▼
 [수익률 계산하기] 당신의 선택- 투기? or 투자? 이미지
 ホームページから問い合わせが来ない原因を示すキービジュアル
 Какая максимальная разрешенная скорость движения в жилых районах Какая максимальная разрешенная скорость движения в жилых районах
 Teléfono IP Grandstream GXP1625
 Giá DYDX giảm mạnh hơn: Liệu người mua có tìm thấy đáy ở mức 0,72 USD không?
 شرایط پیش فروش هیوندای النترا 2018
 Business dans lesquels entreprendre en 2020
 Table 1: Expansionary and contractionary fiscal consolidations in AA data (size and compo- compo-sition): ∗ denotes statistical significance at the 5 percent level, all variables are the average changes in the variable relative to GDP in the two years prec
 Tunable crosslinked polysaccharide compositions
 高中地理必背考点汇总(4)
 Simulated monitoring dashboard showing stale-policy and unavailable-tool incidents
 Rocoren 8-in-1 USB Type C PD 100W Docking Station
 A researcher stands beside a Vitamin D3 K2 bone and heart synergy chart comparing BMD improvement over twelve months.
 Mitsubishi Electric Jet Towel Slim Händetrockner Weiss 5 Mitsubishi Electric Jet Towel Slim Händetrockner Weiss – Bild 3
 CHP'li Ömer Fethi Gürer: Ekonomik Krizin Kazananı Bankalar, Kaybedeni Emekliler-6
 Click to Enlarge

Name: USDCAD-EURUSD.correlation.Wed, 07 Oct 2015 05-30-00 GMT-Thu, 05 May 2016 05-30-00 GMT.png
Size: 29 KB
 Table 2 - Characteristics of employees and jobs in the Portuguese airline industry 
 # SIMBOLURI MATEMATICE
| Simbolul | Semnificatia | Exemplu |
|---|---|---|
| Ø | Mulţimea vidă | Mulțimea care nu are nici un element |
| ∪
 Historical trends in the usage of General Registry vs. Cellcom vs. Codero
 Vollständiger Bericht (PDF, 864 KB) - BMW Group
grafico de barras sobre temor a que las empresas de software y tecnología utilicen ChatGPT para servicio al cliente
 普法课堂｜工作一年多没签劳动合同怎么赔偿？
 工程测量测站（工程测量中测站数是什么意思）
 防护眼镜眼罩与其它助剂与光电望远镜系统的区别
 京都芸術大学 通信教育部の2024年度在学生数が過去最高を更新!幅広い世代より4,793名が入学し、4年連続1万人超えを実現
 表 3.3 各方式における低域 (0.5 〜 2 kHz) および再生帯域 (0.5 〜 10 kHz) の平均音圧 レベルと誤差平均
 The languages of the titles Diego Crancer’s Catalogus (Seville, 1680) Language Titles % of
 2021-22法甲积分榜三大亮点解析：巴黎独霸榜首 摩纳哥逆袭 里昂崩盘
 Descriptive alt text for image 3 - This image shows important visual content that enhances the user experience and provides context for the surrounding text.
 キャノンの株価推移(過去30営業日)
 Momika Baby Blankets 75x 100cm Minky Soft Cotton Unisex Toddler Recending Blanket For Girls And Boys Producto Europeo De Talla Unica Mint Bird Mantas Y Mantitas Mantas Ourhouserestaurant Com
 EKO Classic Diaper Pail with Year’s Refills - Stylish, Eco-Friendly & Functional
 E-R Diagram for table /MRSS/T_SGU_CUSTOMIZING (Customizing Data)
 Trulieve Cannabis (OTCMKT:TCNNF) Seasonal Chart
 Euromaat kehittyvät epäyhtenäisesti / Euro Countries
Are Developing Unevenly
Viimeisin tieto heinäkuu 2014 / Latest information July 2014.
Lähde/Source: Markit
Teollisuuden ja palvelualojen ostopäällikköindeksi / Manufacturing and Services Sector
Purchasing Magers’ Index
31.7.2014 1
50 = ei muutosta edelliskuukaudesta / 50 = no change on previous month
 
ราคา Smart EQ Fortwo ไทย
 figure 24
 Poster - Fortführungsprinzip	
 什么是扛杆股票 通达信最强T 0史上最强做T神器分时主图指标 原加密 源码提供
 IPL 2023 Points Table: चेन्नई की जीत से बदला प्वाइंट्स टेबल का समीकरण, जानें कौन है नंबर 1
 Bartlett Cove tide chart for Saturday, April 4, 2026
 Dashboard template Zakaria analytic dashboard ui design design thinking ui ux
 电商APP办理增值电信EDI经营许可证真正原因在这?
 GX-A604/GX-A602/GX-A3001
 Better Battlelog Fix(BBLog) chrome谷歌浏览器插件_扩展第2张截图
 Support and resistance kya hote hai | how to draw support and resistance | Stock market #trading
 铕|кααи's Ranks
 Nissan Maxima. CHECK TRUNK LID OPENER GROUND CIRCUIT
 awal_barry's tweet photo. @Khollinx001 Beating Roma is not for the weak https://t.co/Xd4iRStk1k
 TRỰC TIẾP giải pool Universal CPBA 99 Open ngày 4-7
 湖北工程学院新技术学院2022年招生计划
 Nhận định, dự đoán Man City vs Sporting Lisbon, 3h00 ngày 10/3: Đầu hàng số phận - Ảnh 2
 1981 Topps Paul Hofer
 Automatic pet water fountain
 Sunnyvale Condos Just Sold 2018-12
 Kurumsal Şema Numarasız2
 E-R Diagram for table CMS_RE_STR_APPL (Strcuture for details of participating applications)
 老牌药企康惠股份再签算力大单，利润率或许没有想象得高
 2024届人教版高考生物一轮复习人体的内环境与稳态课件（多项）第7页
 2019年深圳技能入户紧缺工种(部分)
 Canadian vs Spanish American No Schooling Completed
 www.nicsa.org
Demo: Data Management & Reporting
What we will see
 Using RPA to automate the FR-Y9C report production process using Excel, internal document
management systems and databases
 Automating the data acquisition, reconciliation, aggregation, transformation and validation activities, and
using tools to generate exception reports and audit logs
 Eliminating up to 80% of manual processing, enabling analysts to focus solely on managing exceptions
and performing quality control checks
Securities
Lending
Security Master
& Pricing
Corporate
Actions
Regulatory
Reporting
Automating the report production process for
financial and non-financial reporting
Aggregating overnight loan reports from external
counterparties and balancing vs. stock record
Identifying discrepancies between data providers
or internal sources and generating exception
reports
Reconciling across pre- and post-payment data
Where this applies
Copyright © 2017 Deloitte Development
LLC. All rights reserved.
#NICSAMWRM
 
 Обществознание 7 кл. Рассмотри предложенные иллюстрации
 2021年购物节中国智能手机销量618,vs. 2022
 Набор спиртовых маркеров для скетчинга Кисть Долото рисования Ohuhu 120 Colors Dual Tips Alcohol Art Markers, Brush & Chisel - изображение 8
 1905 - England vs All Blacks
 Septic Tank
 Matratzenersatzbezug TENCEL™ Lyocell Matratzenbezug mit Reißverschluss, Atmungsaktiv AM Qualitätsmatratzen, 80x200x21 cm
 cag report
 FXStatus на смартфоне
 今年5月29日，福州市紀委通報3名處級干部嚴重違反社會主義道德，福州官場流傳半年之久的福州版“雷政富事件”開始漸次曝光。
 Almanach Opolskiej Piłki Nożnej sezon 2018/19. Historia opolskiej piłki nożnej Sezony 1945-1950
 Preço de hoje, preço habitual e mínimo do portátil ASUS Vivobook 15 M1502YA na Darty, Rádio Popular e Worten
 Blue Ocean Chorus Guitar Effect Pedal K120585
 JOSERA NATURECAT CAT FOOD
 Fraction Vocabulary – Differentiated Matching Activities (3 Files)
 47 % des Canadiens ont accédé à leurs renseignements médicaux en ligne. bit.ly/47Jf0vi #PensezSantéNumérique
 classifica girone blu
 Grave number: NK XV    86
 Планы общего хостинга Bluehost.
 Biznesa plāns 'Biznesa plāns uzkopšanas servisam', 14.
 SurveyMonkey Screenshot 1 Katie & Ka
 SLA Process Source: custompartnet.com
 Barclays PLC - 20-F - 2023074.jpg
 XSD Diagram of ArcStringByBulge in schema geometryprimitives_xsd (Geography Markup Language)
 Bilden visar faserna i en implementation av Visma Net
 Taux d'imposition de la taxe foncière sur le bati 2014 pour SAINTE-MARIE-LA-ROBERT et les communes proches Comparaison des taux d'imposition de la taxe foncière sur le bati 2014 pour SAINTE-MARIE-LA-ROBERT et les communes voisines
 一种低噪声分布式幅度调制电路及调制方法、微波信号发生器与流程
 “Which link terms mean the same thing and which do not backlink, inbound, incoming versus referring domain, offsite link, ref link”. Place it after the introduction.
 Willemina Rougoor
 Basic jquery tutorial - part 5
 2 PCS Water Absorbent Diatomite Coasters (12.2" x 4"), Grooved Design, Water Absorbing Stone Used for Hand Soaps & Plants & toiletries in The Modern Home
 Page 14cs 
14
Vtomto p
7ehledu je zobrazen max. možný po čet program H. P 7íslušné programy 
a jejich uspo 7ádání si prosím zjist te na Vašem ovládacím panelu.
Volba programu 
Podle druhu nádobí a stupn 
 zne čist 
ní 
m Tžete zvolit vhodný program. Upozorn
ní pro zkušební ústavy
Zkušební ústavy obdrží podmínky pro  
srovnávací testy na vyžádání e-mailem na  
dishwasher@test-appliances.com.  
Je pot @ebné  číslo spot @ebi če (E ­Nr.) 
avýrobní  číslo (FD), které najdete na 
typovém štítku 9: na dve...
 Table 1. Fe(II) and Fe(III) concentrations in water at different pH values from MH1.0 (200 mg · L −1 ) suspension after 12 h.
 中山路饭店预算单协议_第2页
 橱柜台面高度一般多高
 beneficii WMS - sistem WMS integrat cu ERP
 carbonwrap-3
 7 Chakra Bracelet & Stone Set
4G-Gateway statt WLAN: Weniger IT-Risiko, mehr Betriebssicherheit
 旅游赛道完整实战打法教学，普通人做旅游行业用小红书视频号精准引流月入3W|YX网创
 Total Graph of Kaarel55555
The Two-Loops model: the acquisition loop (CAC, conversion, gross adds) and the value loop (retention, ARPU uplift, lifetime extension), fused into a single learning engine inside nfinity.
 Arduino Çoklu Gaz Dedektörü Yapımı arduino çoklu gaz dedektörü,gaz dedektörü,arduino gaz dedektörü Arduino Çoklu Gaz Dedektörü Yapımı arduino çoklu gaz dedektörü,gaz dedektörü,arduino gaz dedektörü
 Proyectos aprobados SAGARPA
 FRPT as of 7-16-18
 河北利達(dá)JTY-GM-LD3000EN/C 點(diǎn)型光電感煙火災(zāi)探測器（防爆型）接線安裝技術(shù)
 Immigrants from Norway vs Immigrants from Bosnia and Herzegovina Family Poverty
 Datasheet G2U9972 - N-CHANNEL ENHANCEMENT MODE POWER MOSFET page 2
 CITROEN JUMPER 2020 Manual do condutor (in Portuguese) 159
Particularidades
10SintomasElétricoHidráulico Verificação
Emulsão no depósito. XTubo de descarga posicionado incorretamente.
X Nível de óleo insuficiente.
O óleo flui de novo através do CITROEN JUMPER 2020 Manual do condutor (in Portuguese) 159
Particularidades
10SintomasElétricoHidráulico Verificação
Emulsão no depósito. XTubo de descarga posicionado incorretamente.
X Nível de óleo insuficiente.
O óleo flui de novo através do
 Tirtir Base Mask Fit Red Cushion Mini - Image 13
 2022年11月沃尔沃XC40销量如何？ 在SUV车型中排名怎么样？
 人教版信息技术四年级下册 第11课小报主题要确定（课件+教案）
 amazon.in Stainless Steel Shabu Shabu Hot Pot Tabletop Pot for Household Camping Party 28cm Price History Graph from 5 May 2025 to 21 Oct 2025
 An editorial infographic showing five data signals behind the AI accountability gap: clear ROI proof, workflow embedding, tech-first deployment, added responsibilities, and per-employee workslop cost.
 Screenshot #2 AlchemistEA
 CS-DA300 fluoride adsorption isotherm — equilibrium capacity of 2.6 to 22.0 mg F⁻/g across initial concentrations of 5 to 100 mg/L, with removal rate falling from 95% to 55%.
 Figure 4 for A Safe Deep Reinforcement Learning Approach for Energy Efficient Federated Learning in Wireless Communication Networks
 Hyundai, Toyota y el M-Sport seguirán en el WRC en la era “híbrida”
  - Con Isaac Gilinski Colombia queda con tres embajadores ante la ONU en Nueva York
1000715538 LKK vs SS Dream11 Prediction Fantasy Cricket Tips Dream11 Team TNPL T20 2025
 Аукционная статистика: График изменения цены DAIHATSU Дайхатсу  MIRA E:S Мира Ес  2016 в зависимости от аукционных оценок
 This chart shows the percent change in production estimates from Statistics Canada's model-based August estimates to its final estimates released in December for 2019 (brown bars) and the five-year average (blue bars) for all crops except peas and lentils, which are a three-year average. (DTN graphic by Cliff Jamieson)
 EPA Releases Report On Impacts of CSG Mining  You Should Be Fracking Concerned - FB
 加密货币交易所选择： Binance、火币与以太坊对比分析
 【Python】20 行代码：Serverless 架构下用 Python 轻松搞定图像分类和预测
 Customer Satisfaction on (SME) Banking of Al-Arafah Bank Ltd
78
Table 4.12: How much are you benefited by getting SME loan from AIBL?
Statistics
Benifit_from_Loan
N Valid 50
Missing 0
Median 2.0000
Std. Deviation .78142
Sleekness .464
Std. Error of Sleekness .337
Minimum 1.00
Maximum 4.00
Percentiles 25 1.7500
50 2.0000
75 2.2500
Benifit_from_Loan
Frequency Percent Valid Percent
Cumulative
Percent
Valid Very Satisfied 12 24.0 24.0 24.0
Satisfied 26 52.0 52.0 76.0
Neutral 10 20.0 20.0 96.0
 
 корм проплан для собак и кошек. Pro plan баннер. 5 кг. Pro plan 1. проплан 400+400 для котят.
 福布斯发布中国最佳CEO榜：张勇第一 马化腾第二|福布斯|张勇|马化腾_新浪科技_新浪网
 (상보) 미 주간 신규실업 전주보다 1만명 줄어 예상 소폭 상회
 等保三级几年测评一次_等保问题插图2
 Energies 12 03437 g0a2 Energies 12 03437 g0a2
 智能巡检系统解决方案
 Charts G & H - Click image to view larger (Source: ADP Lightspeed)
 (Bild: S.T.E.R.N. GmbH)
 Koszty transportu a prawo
▲
• _TASK_
Give back, unchanged, the line that holds "福布斯发布中国最佳CEO榜：" along with all lines after it through the last line above.

• _EXERCISE RESULT_
 福布斯发布中国最佳CEO榜：张勇第一 马化腾第二|福布斯|张勇|马化腾_新浪科技_新浪网
 (상보) 미 주간 신규실업 전주보다 1만명 줄어 예상 소폭 상회
 等保三级几年测评一次_等保问题插图2
 Energies 12 03437 g0a2 Energies 12 03437 g0a2
 智能巡检系统解决方案
 Charts G & H - Click image to view larger (Source: ADP Lightspeed)
 (Bild: S.T.E.R.N. GmbH)
 Koszty transportu a prawo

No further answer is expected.